Info Menarik

Miras Resmi Terbatas, Miras Oplosan Merajalela – Tribunnews.com

Written by Satrio Elang

TRIBUNNEWS.COM, JAKARTA – Lembaga Penelitian dan Pengembangan Sumber Daya Manumur (LAKPESDAM) dari Dewan Daerah Nahdlatul Ulama (PWNU) DKI Jakarta, menjalankan survei pada bulan Februari – Maret.

Survei menunjukkan Permendag no 06 / M-DAG / PER / 1/2015, kurang efektif dalam menangani masalah sirkulasi alkohol (minuman keras).

Kepala Bagian Penelitian LAKPESDAM PWNU DKI Jakarta, Abdul Wahid dalam siaran pers yang diterima oleh Tribunnews.com, menyebutkan hasil survei yang dilakukan oleh PWNU, menunjukkan pengetatan peraturan terhadap kelompok alkohol A, berdampak pada peningkatan konsumsi alkohol.

Dibaca: Buwas: Sirkulasi Narkoba di Indonesia, Bangau yang Berat

"Minuman beralkohol kelas A semakin sulit diakses, namun berdampak pada peredaran minuman minum yang meningkat, yang sebenarnya dikonsumsi oleh anak di bawah umur," kata Abdul Wahid, Selasa (15/8/2015)

Abdul Wahid menyebutkan bahwa karena sulitnya minuman beralkohol diakses, sebagian besar remaja yang mengkonsumsi alkohol akhirnya beralih ke alkohol, yang relatif mudah diakses.

Survei PWNI yang dilakukan pada 327 remaja, berumur antara 12-21 tahun, menunjukkan bahwa responden yang mengaku mengkonsumsi alkohol oplosan, 71,5 persen mengaku mengakses oplosan dari toko herbal.

"Sisanya di toko bahan makanan merupakan 14,3 persen, dan melalui perantara 7,1 persen," katanya.

Baca: Karpet Merah ke Bubur Lebo Akan Menyambut Presiden Jokowi, Disini Persiapan Sidang Pleno MPR

"Ramuan Warung merupakan pilihan utama responden, karena warung herbal mudah dijangkau, jarang ada razia, dan hampir di tiap sudut jalan dan gang," katanya.

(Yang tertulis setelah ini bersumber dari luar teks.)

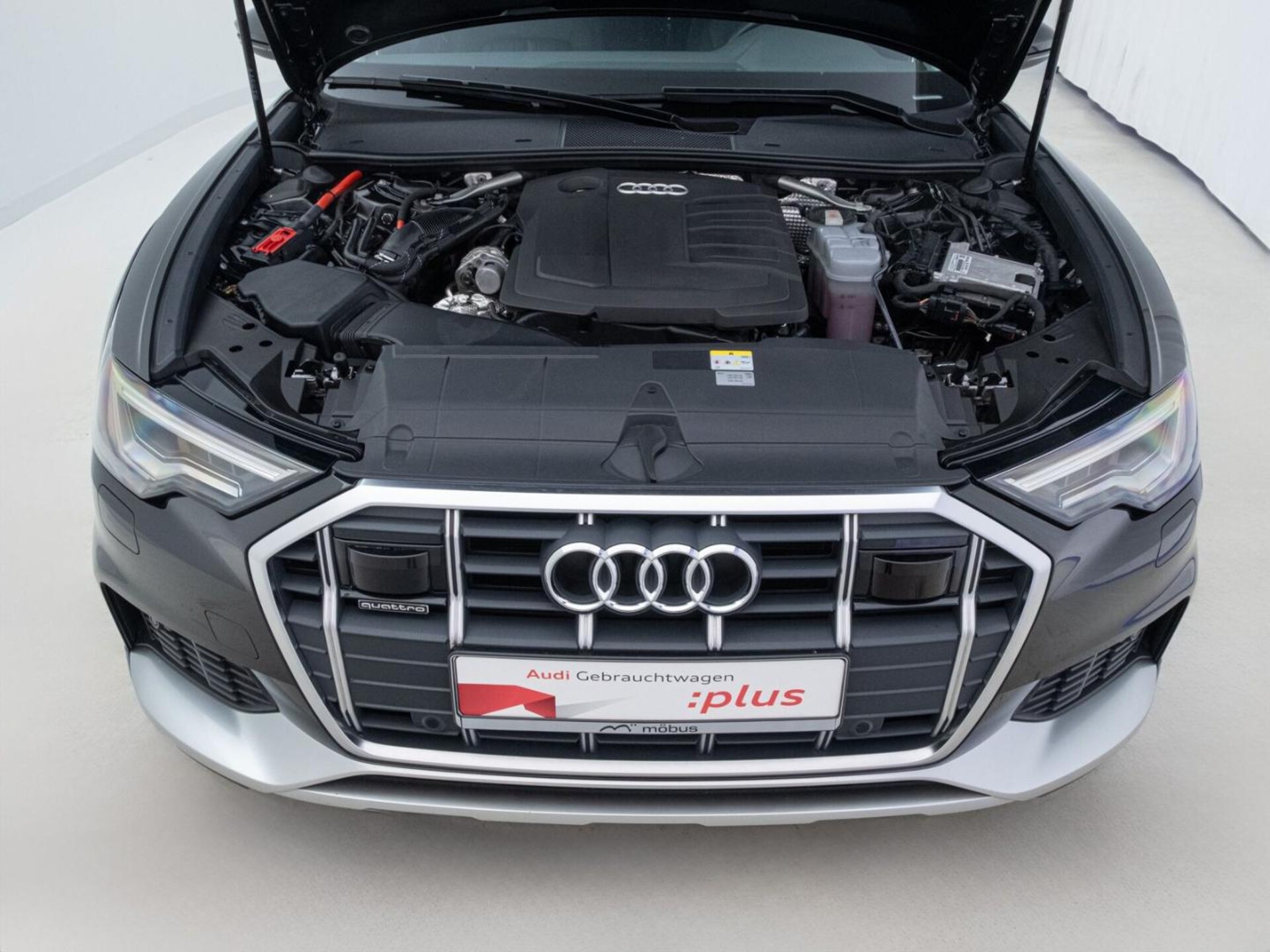 Audi A6 allroad quattro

Adul Wahid mengatakan, dari pencarian pihaknya, diketahui pemahaman remaja mabuk alkohol terhadap oplosan, masih tergolong minimal. Jadi mereka tak berpikir dua kali untuk minum alkohol.

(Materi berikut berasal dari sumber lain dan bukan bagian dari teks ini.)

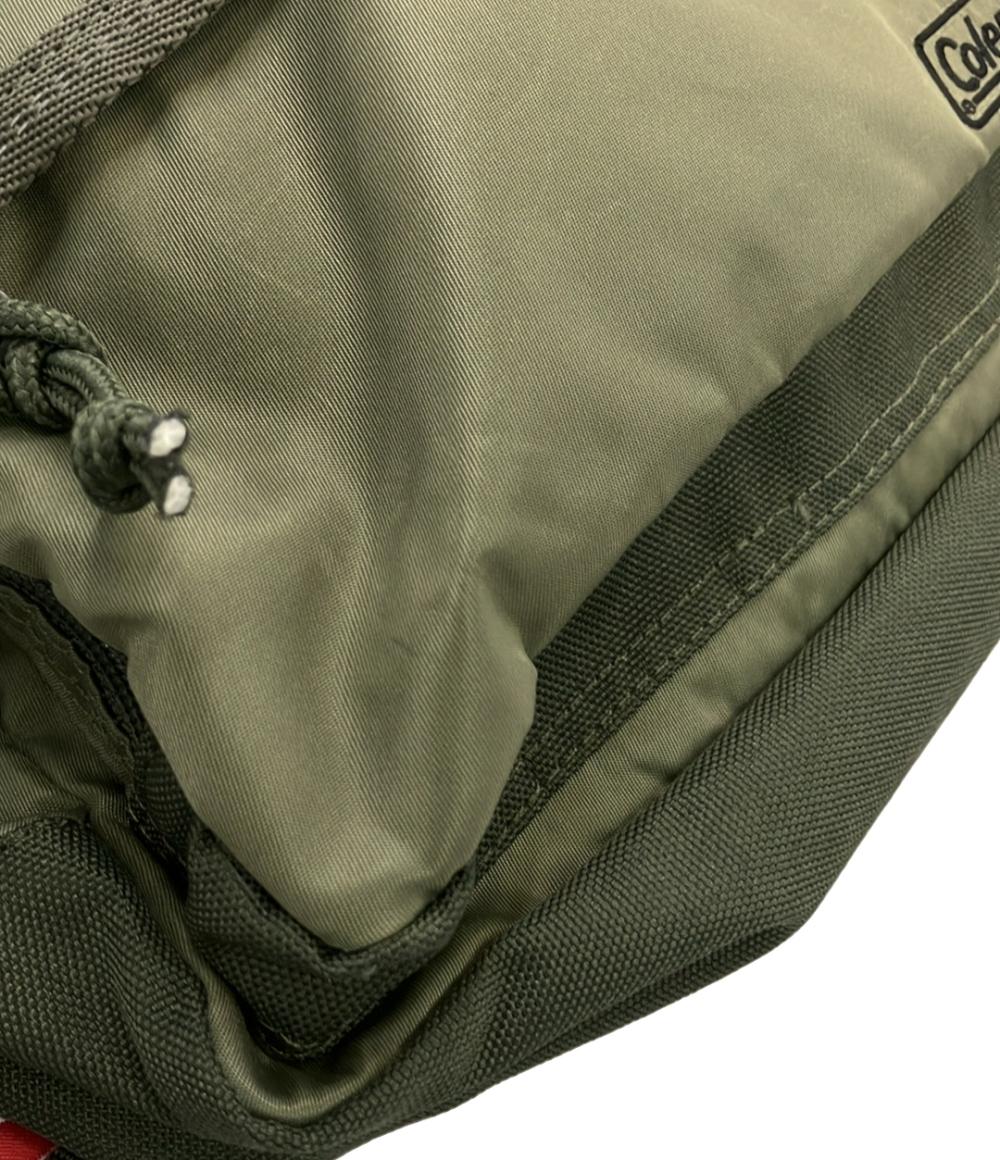 コールマン ウエストバッグ ボディバッグ ユニセックス Coleman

Ketua Umum LAKPESDAM PWNU DKI Jakarta, Mohammad Shodri, mengatakan untuk mengatasi masalah tersebut, dibutuhkan pola penanganan yang lebih bagus. Pemerintah yang juga mengakomodasi produksi, distribusi dan pengawasan penjualan minuman beralkohol, bukan larangan total.

"Karena itu, bila benar-benar dilarang, ini mempengaruhi konsumsi minuman oplosan, dan ini lebih berbahaya," katanya.

Sayangnya, dalam rilis yang diterima Tribunnews.com, belum ada informasi mengenai jumlah konsumen alkohol oplosan sebelum Peraturan Menteri Perdagangan seputar minuman beralkohol dikeluarkan.

Source link

About the author

Satrio Elang

Pemuda biasa yang masih duduk di bangku kuliah dan ingin berbagi kepada sesama.